Bach est magnifique, mais il y a en a beaucoup d'autres!!! qu'on nous a cachés, ou qu'on nous ment, soit par des interprétations lamentables, soit par des a priori de "mauvais génie" qui dicte ce qui est bien et ce qui ne l'est pas. Heureusement, à un moment donné la musique elle-même se venge des diktats, et nait alors ce mouvement "musique ancienne" (au tournant du siècle à Paris, puis dans les années 50 à Bâles et Utrecht..., et qui prend un essort extraordinaire aujourd'hui) qui relègue la virtuosité et l'artifice à sa petite place (qui devrait être la dernière!), pour privilégier effectivement l'expression, et l'expression respectueuse du contexte originel de l'oeuvre. Oui il y a encore beaucoup plus magnifique et en abondance que Bach... Seulement voilà, les décideurs de LA culture (le Kulturkampf n'est pas un vain mot...) ont fait l'impasse... et l'impardonnable naïveté des catholiques, c'est qu'ils croient comme des navets alignés que cette imposture historique serait effectivement le reflet de la réalité historique. C'est une certaine conception de l'art qu'il s'agit de renouveler, afin que resurgisse ce que j'appellerais volontiers "l'Atlantide" d'un art pleinement chrétien et pleinement art !
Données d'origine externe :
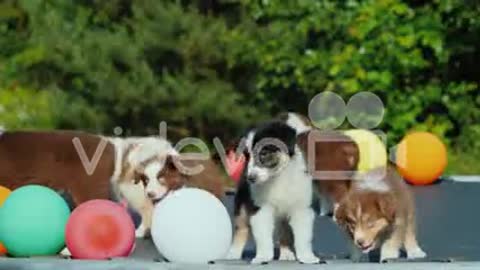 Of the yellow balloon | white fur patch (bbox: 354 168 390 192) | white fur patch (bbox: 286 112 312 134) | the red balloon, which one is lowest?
the red balloon

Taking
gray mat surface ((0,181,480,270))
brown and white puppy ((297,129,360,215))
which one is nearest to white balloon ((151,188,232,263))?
gray mat surface ((0,181,480,270))

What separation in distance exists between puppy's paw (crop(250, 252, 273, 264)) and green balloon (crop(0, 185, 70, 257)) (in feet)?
2.32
Monteverdi est un grand compositeur catholique, oui, mais ils sont nombreux comme lui... De plus, demandez à n'importe quel musicien qui a pris la peine de découvrir cet univers-là (les vêpres ou la Selva morale ou les messes...) à travers cette pratique que l'on appelle "musique ancienne" ce qui caractérise la musique de Monteverdi. Il ne vous dira pas le génie particulier d'un homme qui sort du lot "et particulièrement en avance sur son temps", ni mêmne la convistion personnelle du compositeur, mais plutôt le contexte d'une histoire, d'une tradition qui est encore fondamentalement religieuse. Ce qui caractérise les vêpres de la Vierge de Claudio Monteverdi, c'est la Foi objective en la Révélation de Jésus-Christ, et sans nuance ni restriction!
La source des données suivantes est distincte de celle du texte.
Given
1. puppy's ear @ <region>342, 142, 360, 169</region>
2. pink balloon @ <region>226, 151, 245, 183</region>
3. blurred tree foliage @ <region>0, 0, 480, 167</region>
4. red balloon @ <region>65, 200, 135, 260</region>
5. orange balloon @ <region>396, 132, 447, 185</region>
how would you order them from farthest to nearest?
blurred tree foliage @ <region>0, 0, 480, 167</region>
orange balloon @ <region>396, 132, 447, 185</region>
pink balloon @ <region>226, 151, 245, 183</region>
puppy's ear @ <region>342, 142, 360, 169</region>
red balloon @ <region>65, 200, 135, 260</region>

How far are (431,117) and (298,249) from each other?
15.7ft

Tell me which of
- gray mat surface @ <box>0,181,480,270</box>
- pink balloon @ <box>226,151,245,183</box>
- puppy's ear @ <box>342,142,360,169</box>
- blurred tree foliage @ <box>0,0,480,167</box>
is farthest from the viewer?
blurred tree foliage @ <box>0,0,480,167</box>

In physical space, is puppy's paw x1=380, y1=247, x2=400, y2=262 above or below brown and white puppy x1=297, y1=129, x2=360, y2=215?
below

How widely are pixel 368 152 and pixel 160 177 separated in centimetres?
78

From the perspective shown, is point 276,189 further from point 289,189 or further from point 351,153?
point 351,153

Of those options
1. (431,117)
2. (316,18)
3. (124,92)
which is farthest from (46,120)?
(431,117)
Il y a un art pleinement chrétien, oui, et quand une fois on y a véritablement goûté, les clairs de lune et autre pâleurs troubles qui substituent le flou intime à l'authentique Mystère, apparaissent comme des enfantillages d'une humanité dégradée et effectivement malade.
Remarquez, d'une certaine manière le modernisme (le subjectivisme de la "conviction" contre la Foi révélée) était un des fruits très prévisible de la culture romantique...
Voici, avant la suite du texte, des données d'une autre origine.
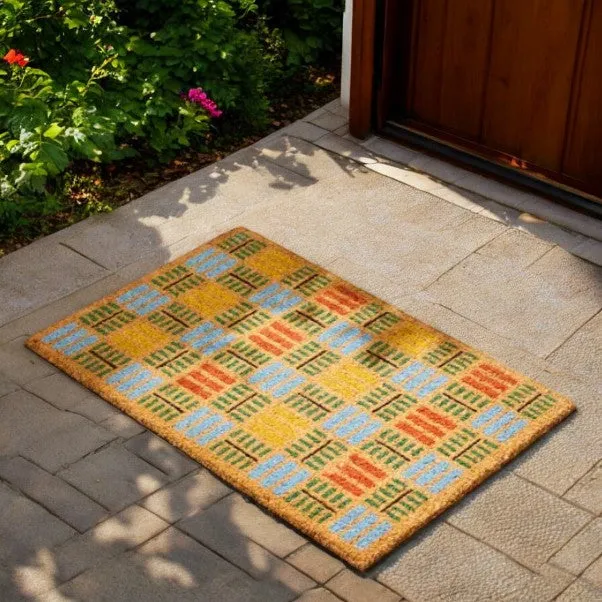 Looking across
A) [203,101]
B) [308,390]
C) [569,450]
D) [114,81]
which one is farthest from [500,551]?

Ce qu'il faut c'est goûter à l'authentique culture chrétienne, et pour cela il faut d'abord de bons interprètes, respectueux de cet "autre" monde! Il faut ensuite recommencer, nous autres catholiques, à l'Evangile... puis saint Paul, puis saint Jérôme, saint Benoît, saint Grégoire, saint Augustin, saint Ambroise... : Monteverdi était pétri de cette culture-là, et sans cette culture-là on ne comprendra jamais rien aux vêpres de la Vierge! - même si elles nous chatouillent l'oreille...
Vous savez ce qu'il faudrait, pour pouvoir juger d'une culture chrétienne? Il faudrait que les catholique se remettent à chanter l'office: les psaumes.